(DATASET EXCERPTS begins)

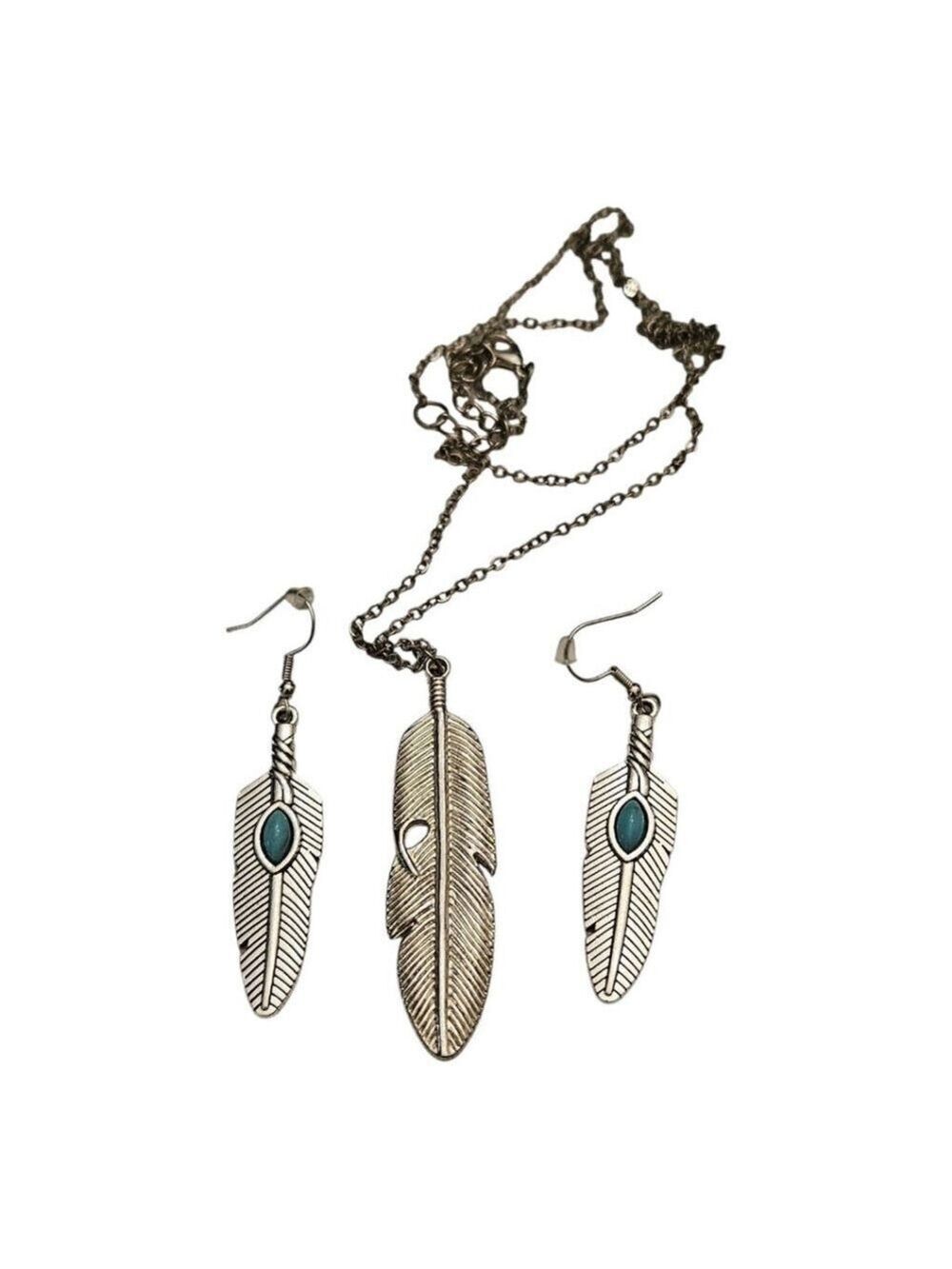 Women's Unbranded Jewelry Set Silver Feather Necklace & Earrings - Picture 1 of 4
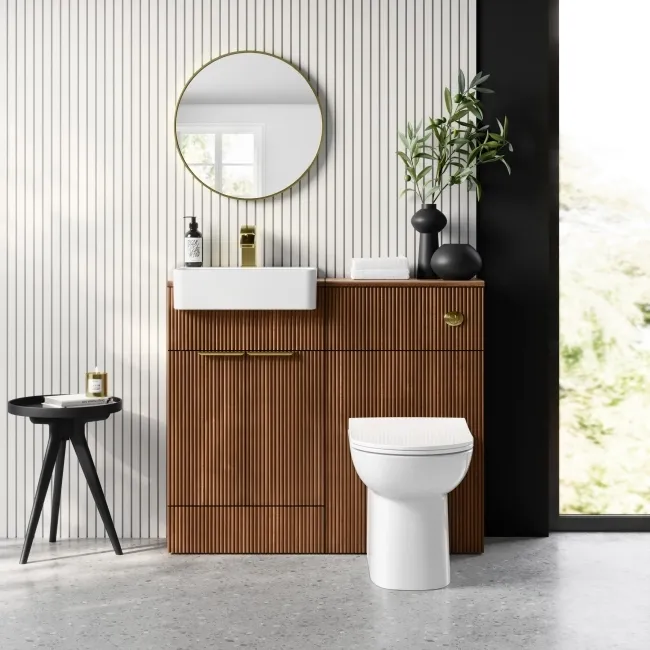 Sicily Fluted Black Walnut Combination Vanity Basin and Aruba Toilet 1000mm - Brushed Brass Accents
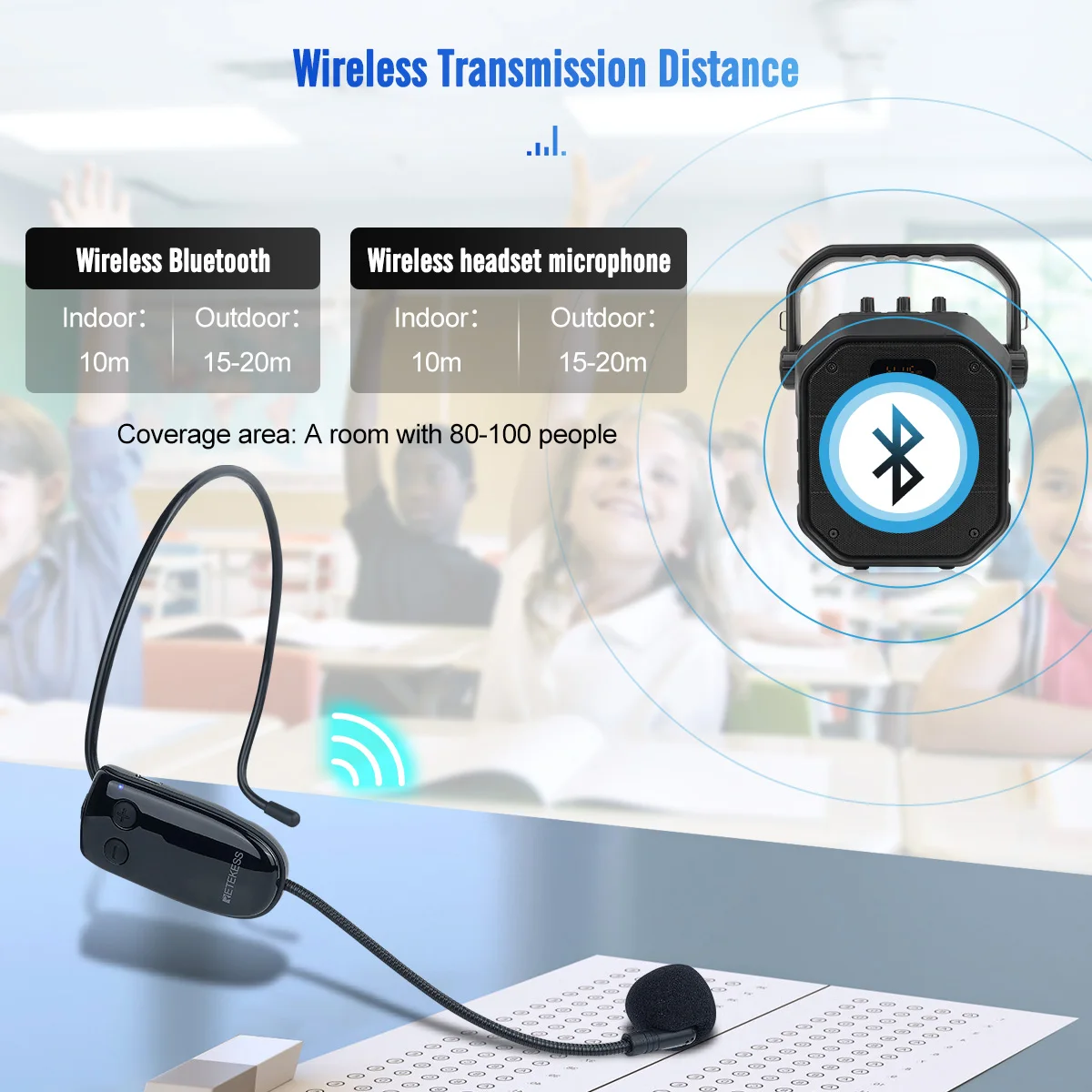 Фото Портативная беспроводная акустическая система RETEKESS TC102 с Bluetooth fm-радио микрофоном 30 Вт поддержка TF AUX USB для преподавания речи №3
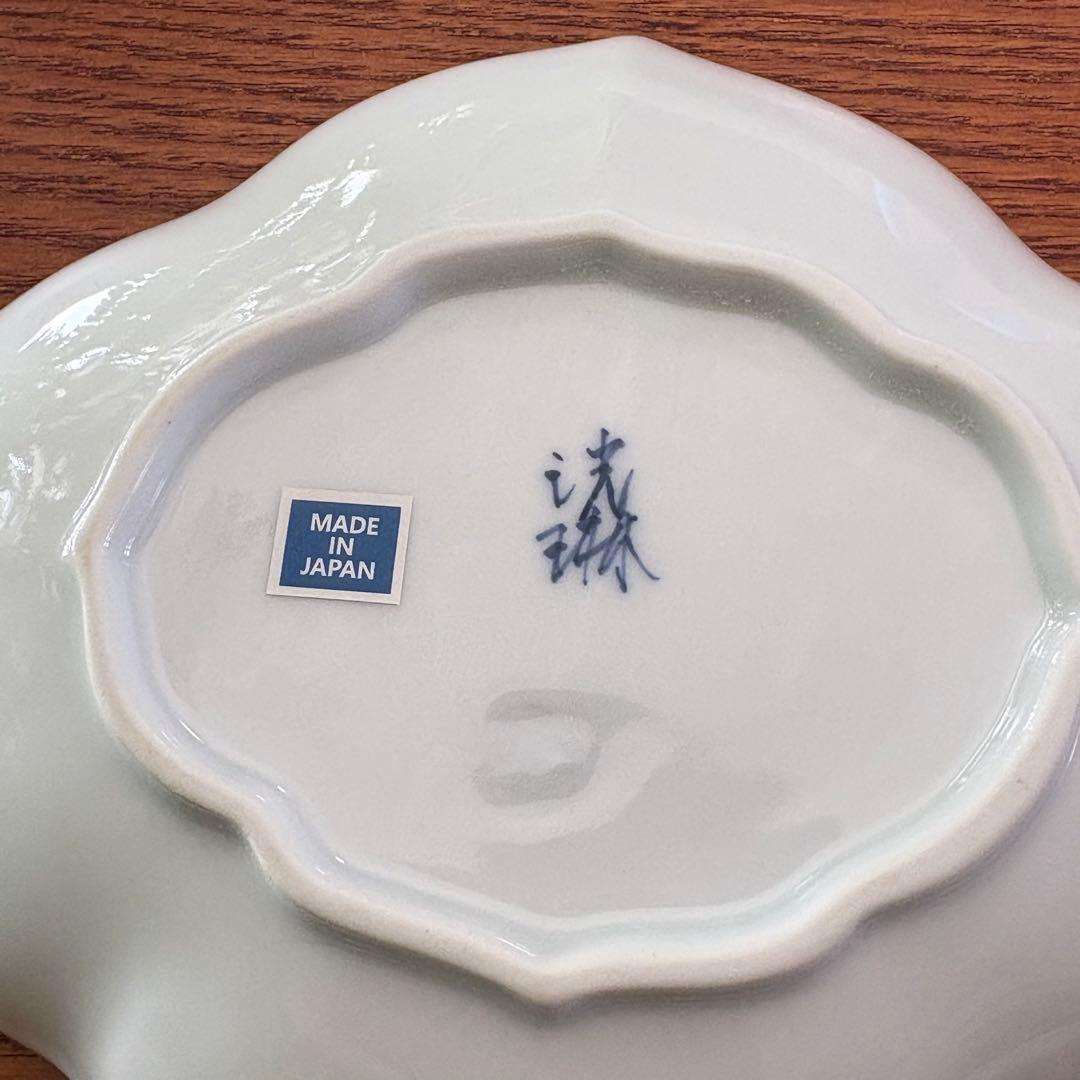 手描き　鹿　染付浅鉢 5つ　洸琳窯　鹿絵木甲浅鉢　しか絵　作家　変形　花型　食器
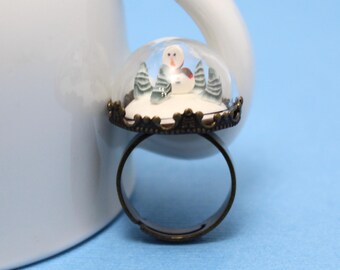 Faux Snowglobe Cocktail Ring in Polymer Clay with Snowman and Trees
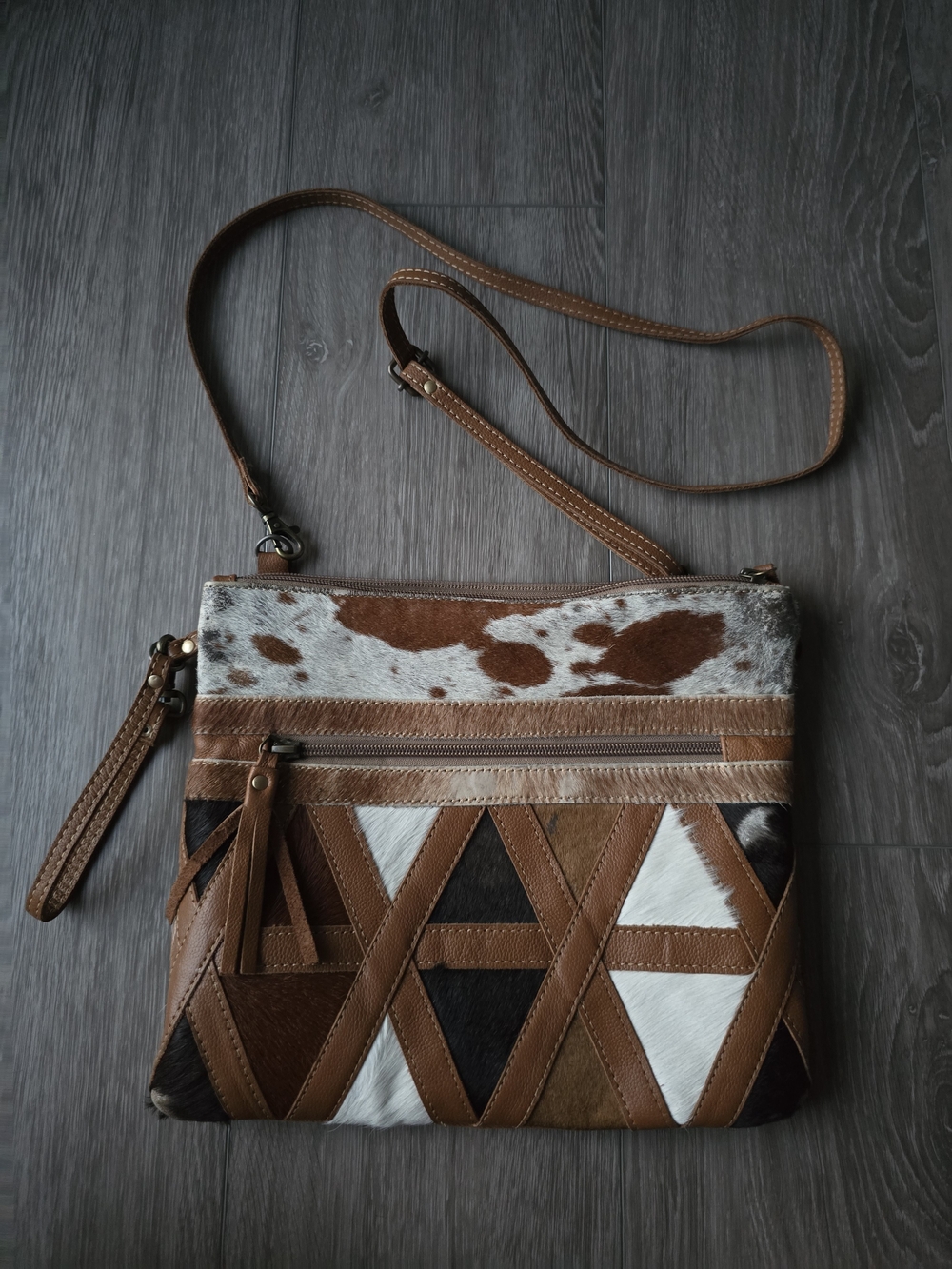 Myra Bag Genuine Cowhide Hair On Leather Patchwork Western Crossbody Purse Brown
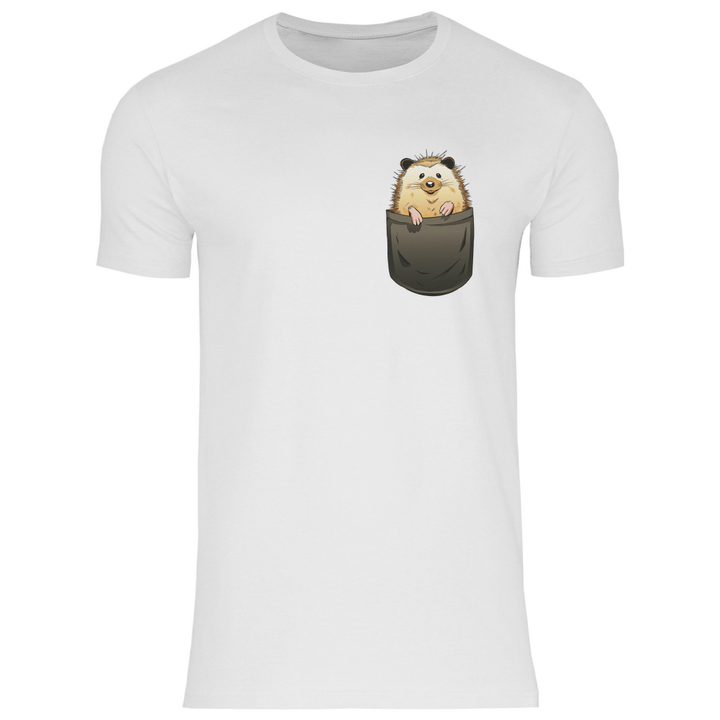 Igel in Brusttasche - Herren T - Shirt - Textilzauber
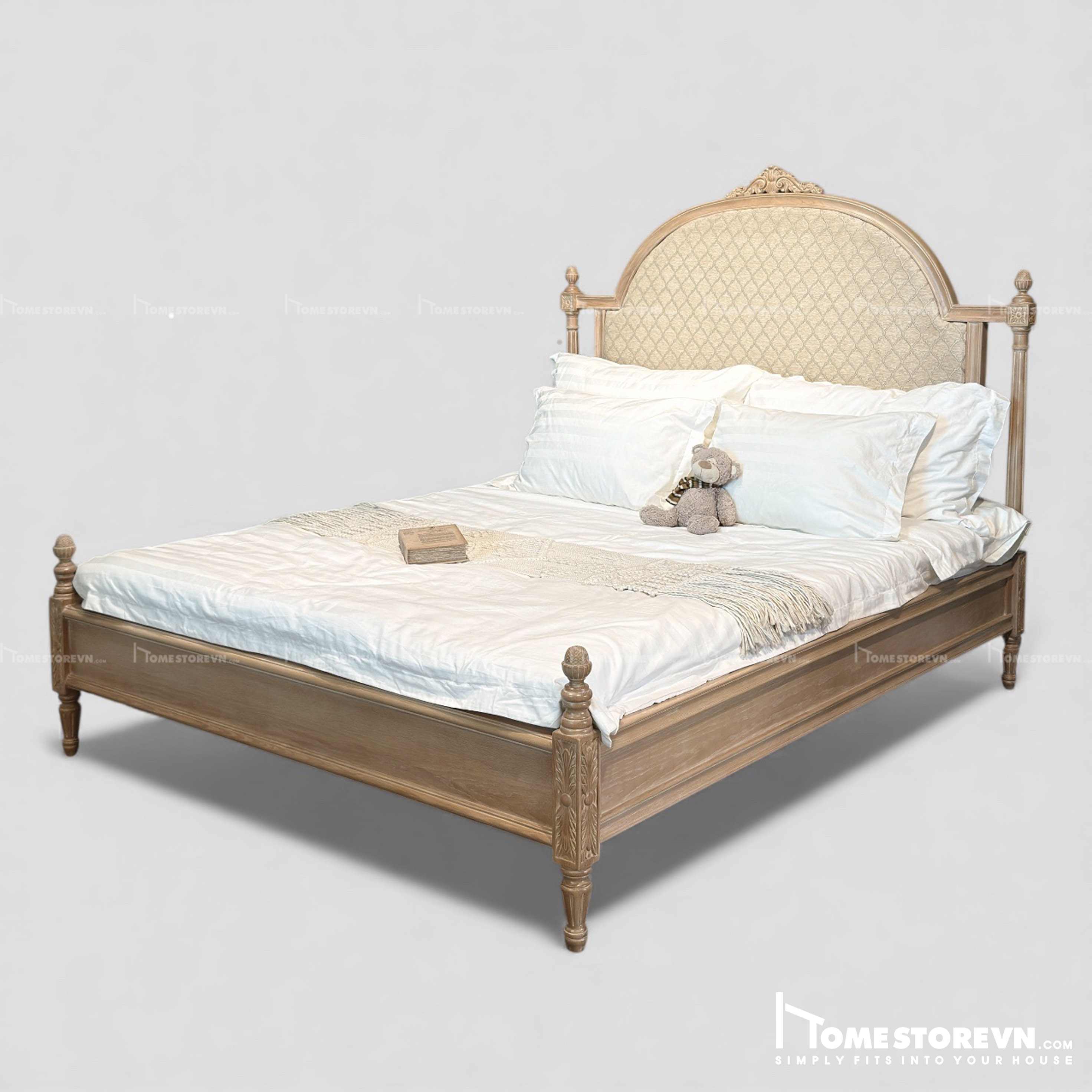 Giường gỗ Vintage lưng lượn bọc vải có nút - GI8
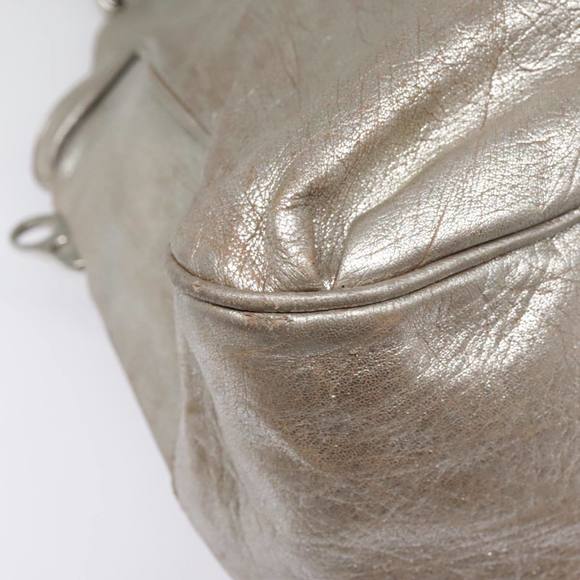 CELINE Hand Bag Leather 2way Silver Auth 91848 - Picture 12 of 16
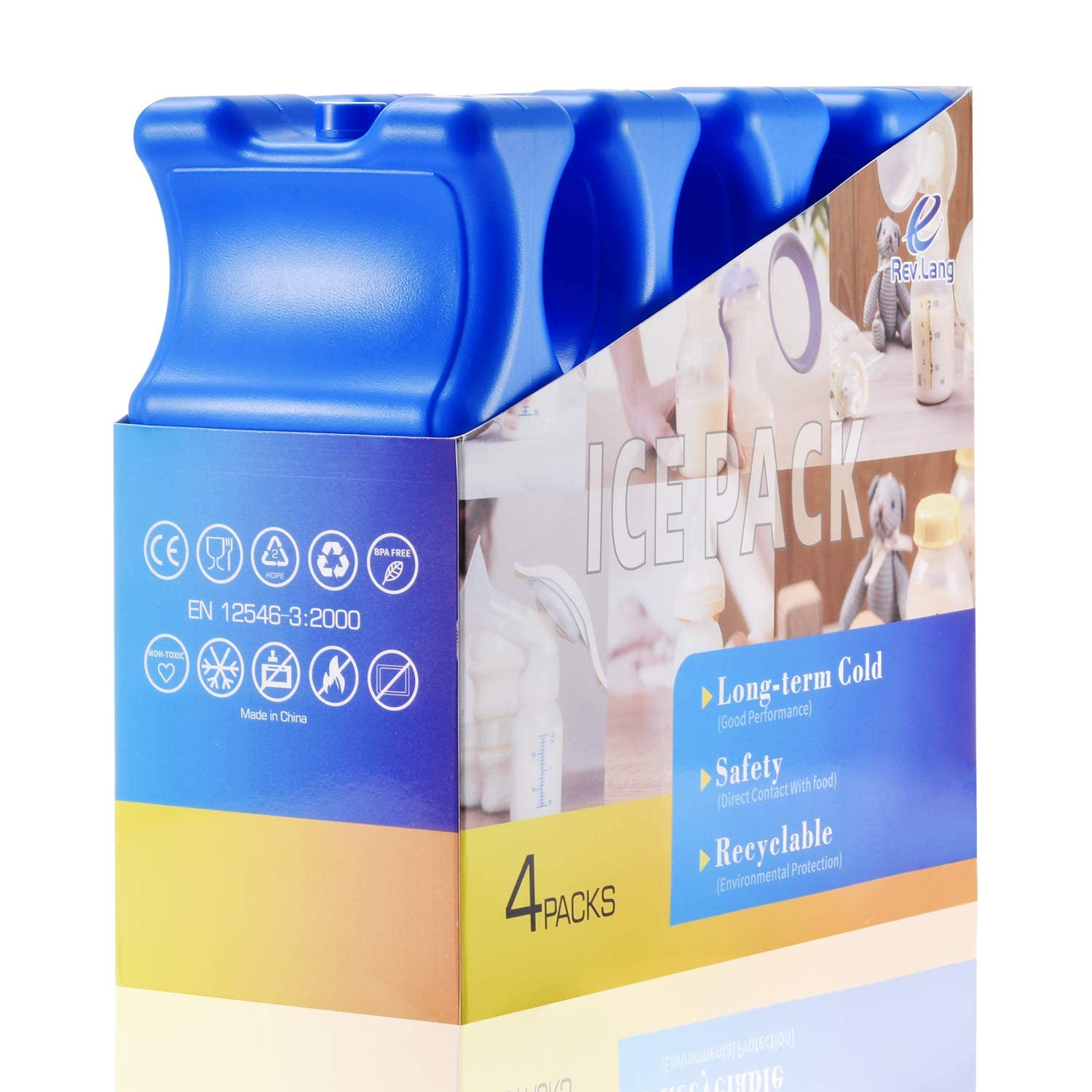 Cold Freezer Cool Ice Packs Double Sided Contoured Reusable Long Lasting for Breast Milk Baby Bottles Cool Storage Insulated Bags, Lunch Box Soda Beer Can Coolers Camping Beach Picnic (600g,Set of 4)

(DATASET EXCERPTS ends)

TASK PROMPT :: All of the material above must be retyped exactly, line for line, with the images dropped.

TASK OUTPUT ::
 Women's Unbranded Jewelry Set Silver Feather Necklace & Earrings - Picture 1 of 4
 Sicily Fluted Black Walnut Combination Vanity Basin and Aruba Toilet 1000mm - Brushed Brass Accents
 Фото Портативная беспроводная акустическая система RETEKESS TC102 с Bluetooth fm-радио микрофоном 30 Вт поддержка TF AUX USB для преподавания речи №3
 手描き　鹿　染付浅鉢 5つ　洸琳窯　鹿絵木甲浅鉢　しか絵　作家　変形　花型　食器
 Faux Snowglobe Cocktail Ring in Polymer Clay with Snowman and Trees
 Myra Bag Genuine Cowhide Hair On Leather Patchwork Western Crossbody Purse Brown
 Igel in Brusttasche - Herren T - Shirt - Textilzauber
 Giường gỗ Vintage lưng lượn bọc vải có nút - GI8
 CELINE Hand Bag Leather 2way Silver Auth 91848 - Picture 12 of 16
 Cold Freezer Cool Ice Packs Double Sided Contoured Reusable Long Lasting for Breast Milk Baby Bottles Cool Storage Insulated Bags, Lunch Box Soda Beer Can Coolers Camping Beach Picnic (600g,Set of 4)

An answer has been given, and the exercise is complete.